| Exercise material |
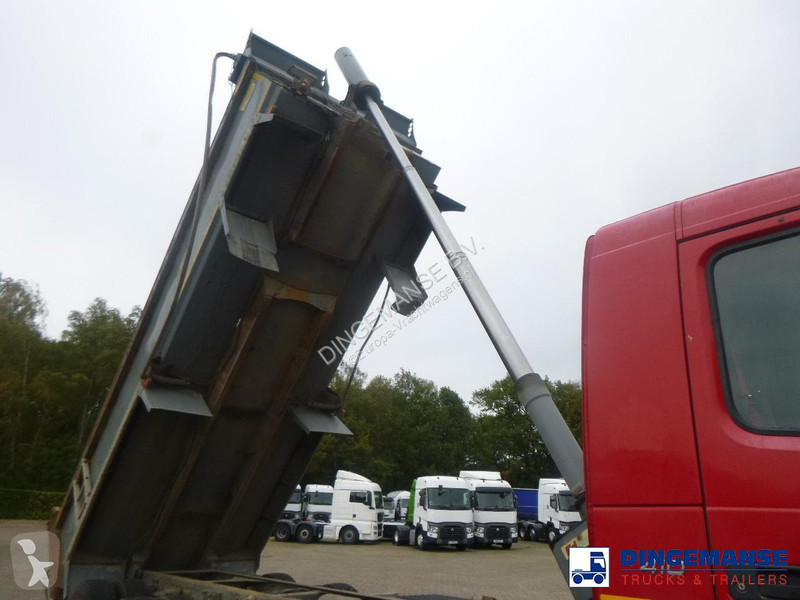 شاحنة Volvo 8x4 RHD steel tipper 16.6 m3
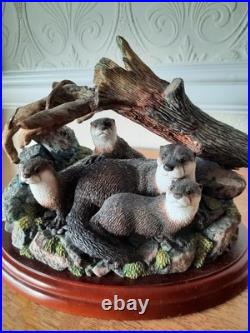 Border Fine Arts Otters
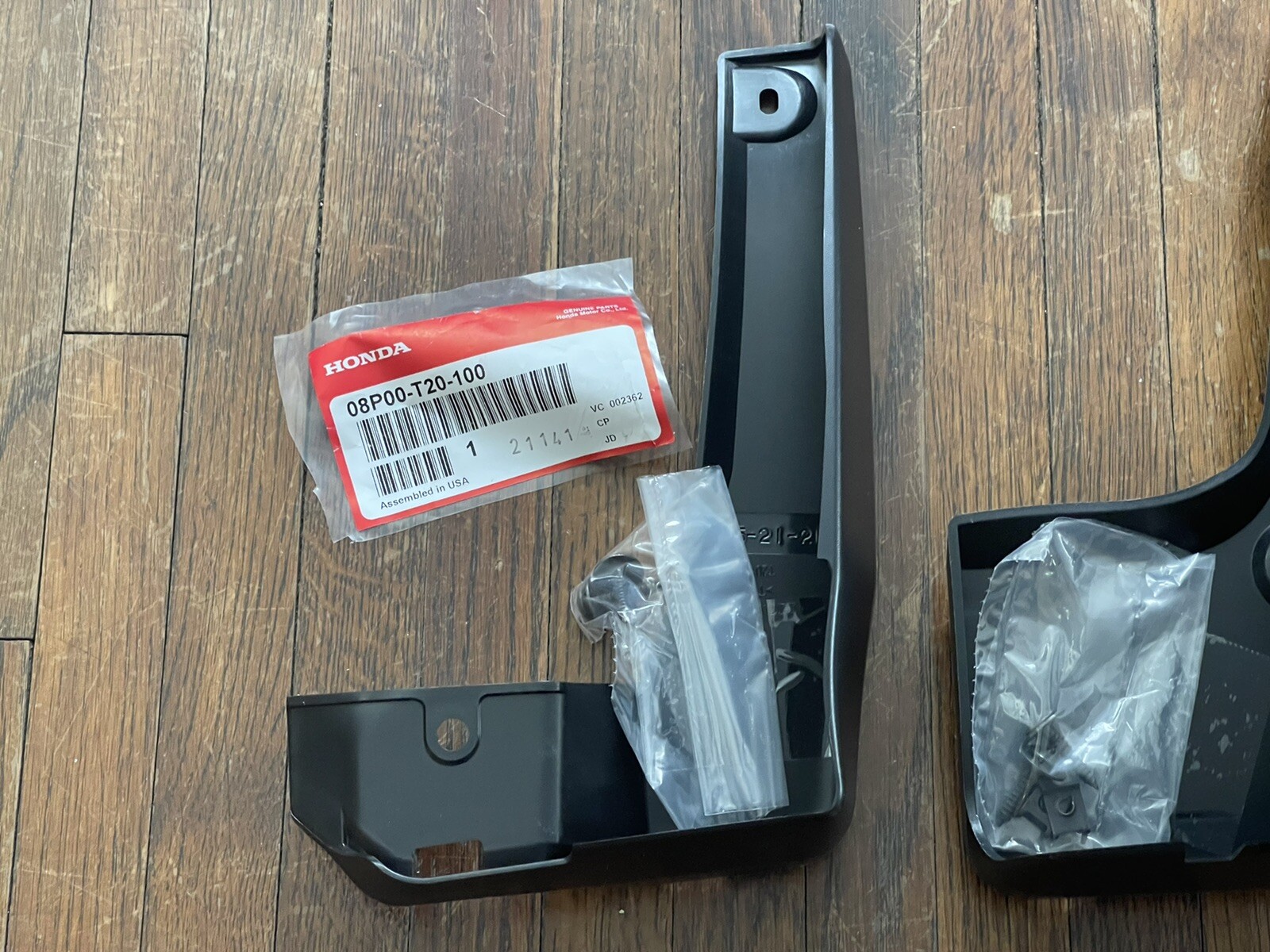 2022-24 NEW GENUINE HONDA CIVIC 4 DOOR SEDAN SPLASH MUD GUARDS 08P00-T20-100 OEM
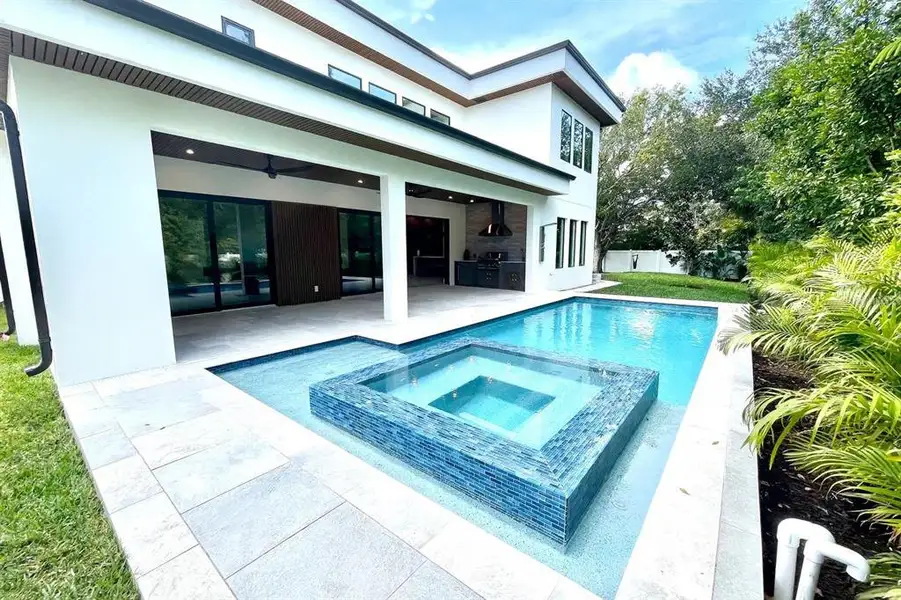 Exterior details and patio area of a home in , Sarasota (Image 3).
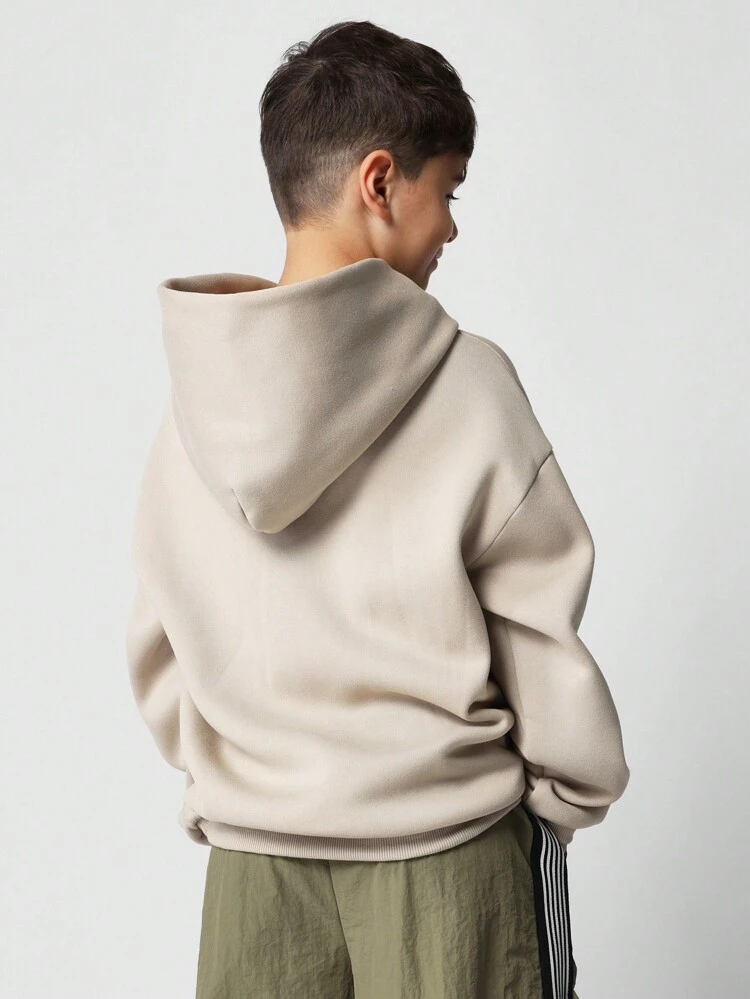 Everyday Essential Streetwear Athletic Fashion Hoodie Perfect For Layering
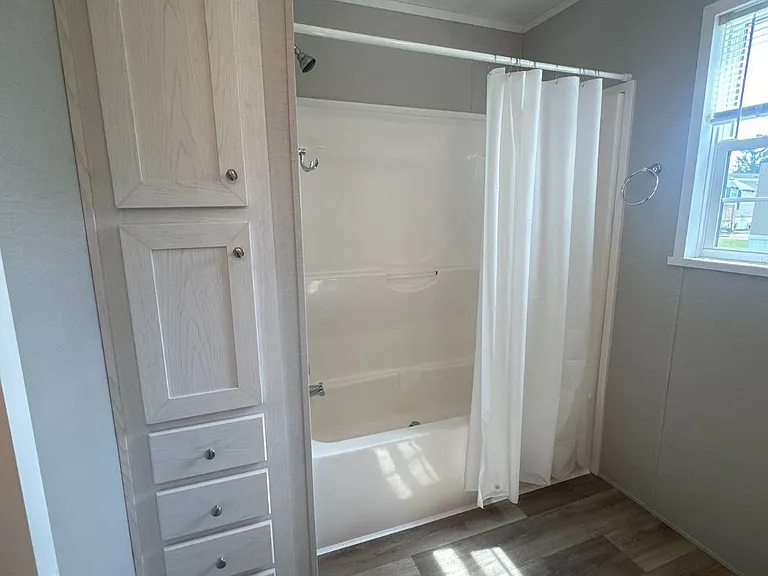 921 Peacock Ln — Photo 6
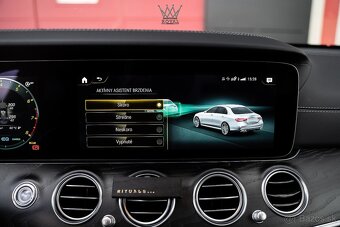 Mercedes-Benz E53 AMG Sedan 4Matic DPH - 11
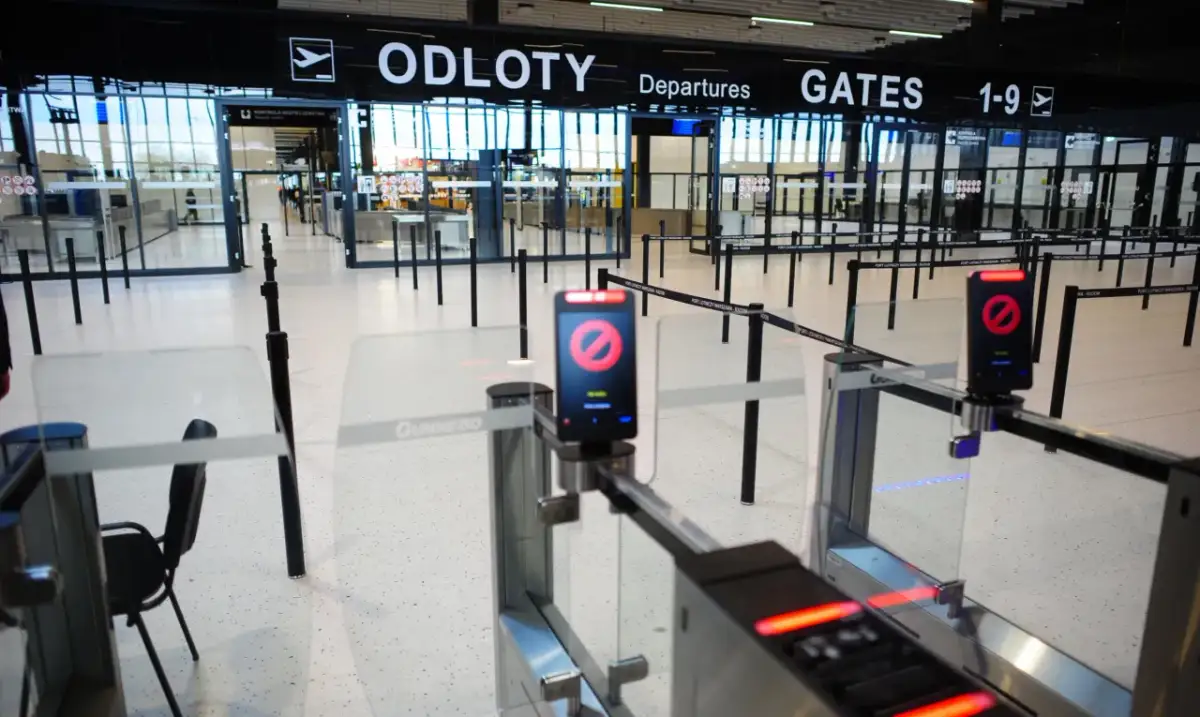 Lotnisko Radom kiedy rusza? Odkryj datę rozpoczęcia lotów!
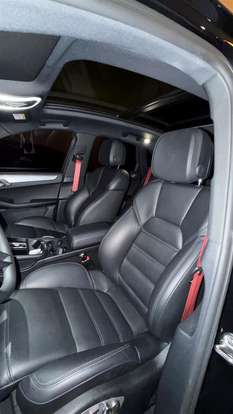 PORSCHE-MACAN-2024
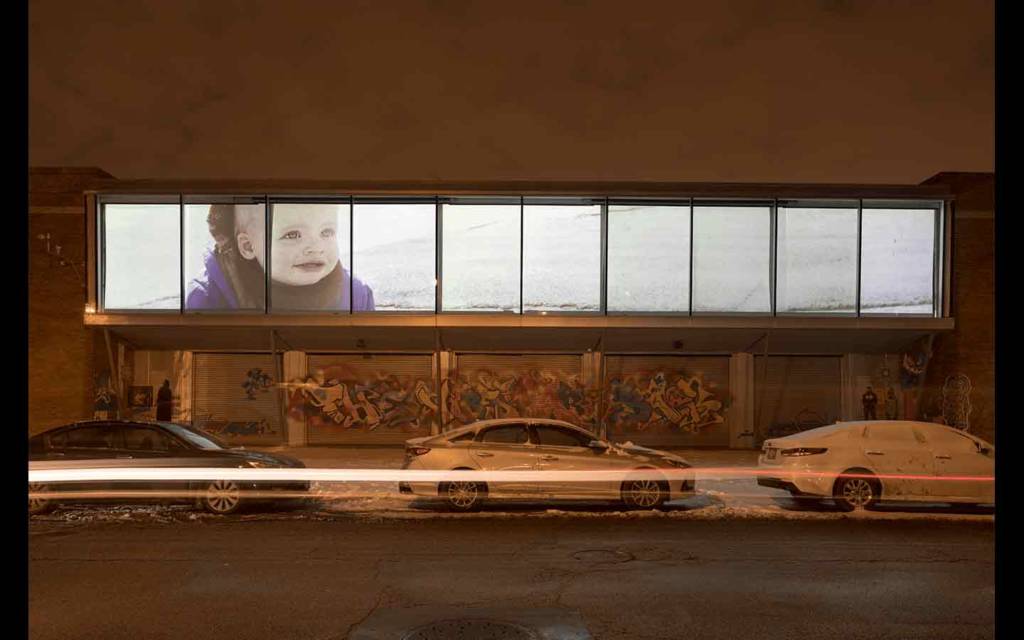 Vue partielle de l'exposition Resilient Images à l'Hyde Park Art Center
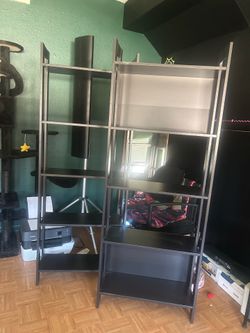 2 Shelves $30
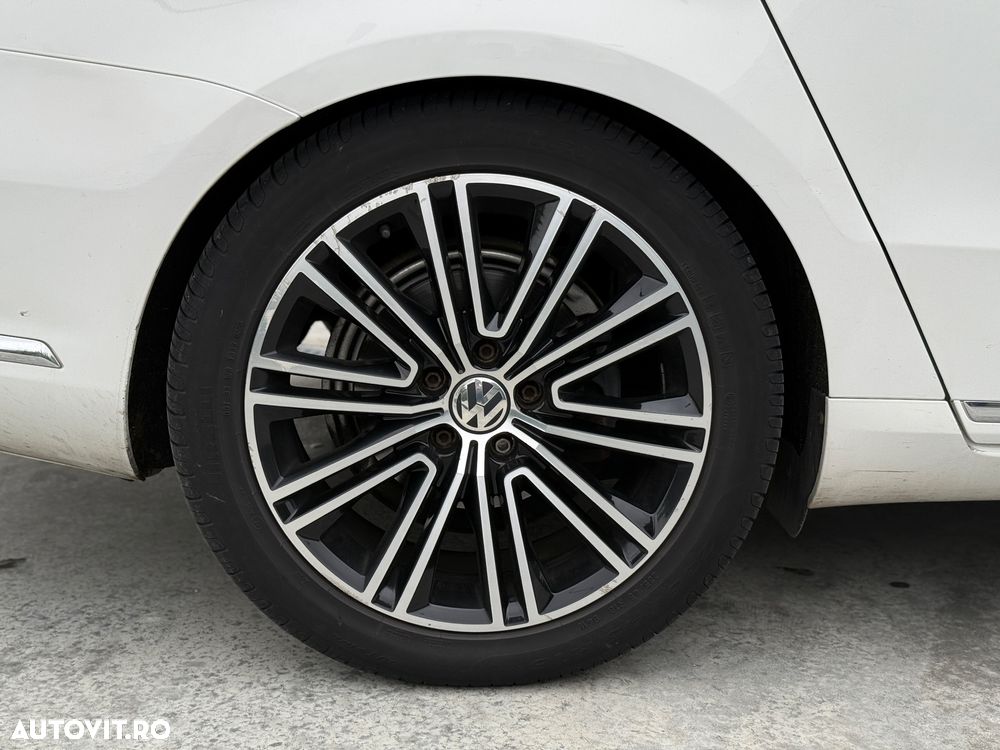 Volkswagen Passat Variant 2.0 TDI DSG BlueMotion Technology Exclusive - 9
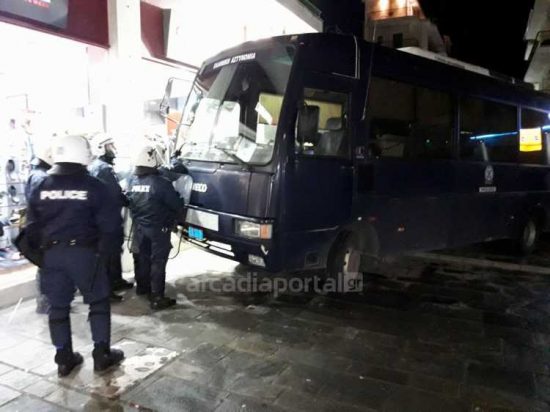 Τρίπολη: Ένταση και δακρυγόνα κατά διαδηλωτών έξω από το χώρο που θα μιλήσει ο Τσίπρας (video)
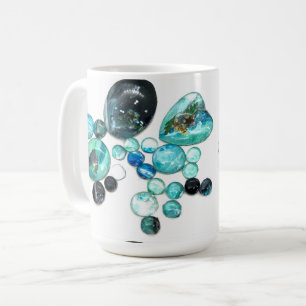 Blommor och färg av havsglas kaffemugg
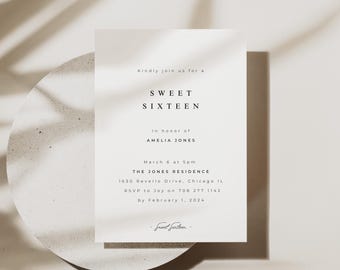Op de afbeelding: Een witte uitnodigingskaart met zwarte tekst die een Sweet Sixteen feest voor Amelia Jones aankondigt. Het feest vindt plaats op 6 maart om 17:00 uur in The Jones Residence, 1630 Revello Drive, Chicago, IL. RSVP vóór 1 februari 2024.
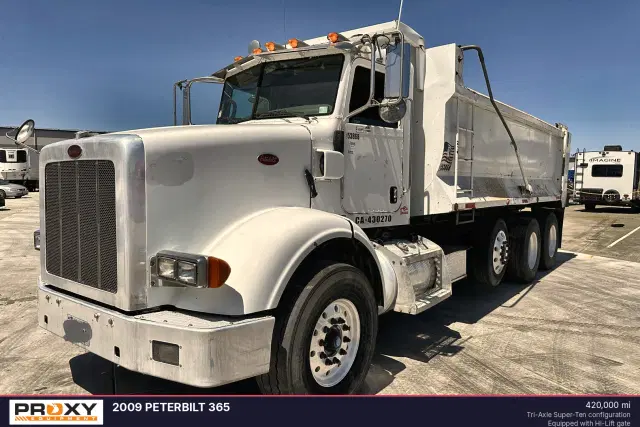 Image of Peterbilt 365 equipment image 2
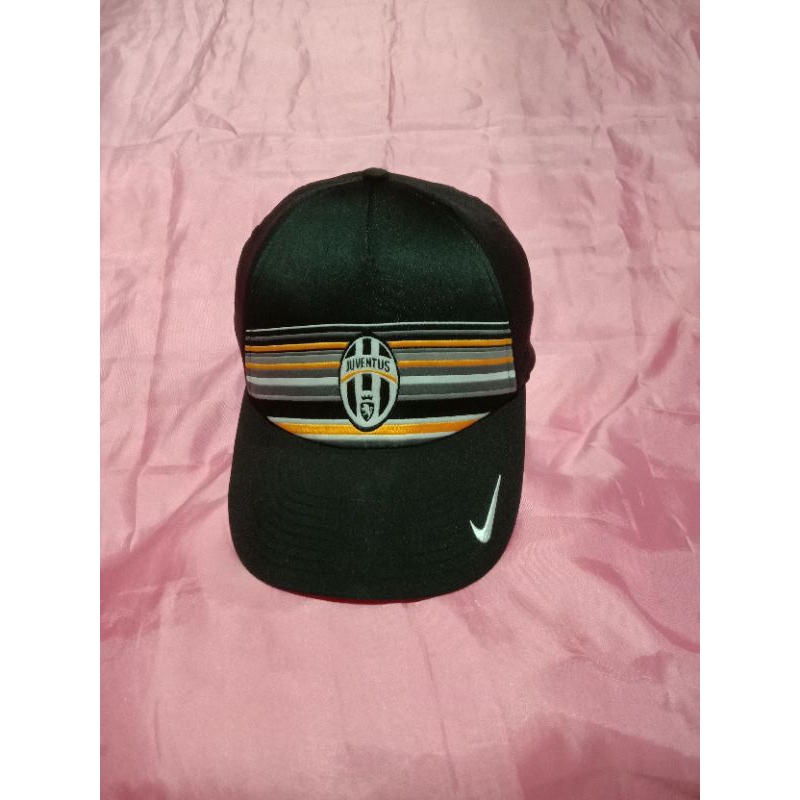 Topi Nike Juventus Second Original cap Model Baseball buat casual dan olahraga Warna hitam pekat bah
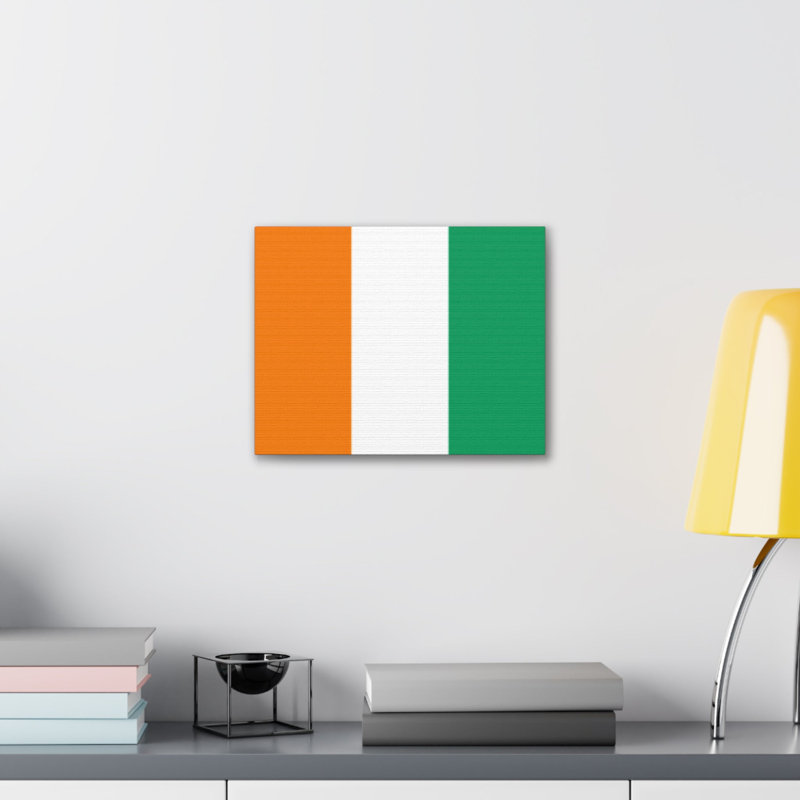 Drapeau de la Côte d'ivoire - reproduction sur toile, H 18 po x l 24 po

| Exercise instructions |
Excluding pictures, print all lines above exactly.

| Written answer |
 شاحنة Volvo 8x4 RHD steel tipper 16.6 m3
 Border Fine Arts Otters
 2022-24 NEW GENUINE HONDA CIVIC 4 DOOR SEDAN SPLASH MUD GUARDS 08P00-T20-100 OEM
 Exterior details and patio area of a home in , Sarasota (Image 3).
 Everyday Essential Streetwear Athletic Fashion Hoodie Perfect For Layering
 921 Peacock Ln — Photo 6
 Mercedes-Benz E53 AMG Sedan 4Matic DPH - 11
 Lotnisko Radom kiedy rusza? Odkryj datę rozpoczęcia lotów!
 PORSCHE-MACAN-2024
 Vue partielle de l'exposition Resilient Images à l'Hyde Park Art Center
 2 Shelves $30
 Volkswagen Passat Variant 2.0 TDI DSG BlueMotion Technology Exclusive - 9
 Τρίπολη: Ένταση και δακρυγόνα κατά διαδηλωτών έξω από το χώρο που θα μιλήσει ο Τσίπρας (video)
 Blommor och färg av havsglas kaffemugg
Op de afbeelding: Een witte uitnodigingskaart met zwarte tekst die een Sweet Sixteen feest voor Amelia Jones aankondigt. Het feest vindt plaats op 6 maart om 17:00 uur in The Jones Residence, 1630 Revello Drive, Chicago, IL. RSVP vóór 1 februari 2024.
 Image of Peterbilt 365 equipment image 2
 Topi Nike Juventus Second Original cap Model Baseball buat casual dan olahraga Warna hitam pekat bah
 Drapeau de la Côte d'ivoire - reproduction sur toile, H 18 po x l 24 po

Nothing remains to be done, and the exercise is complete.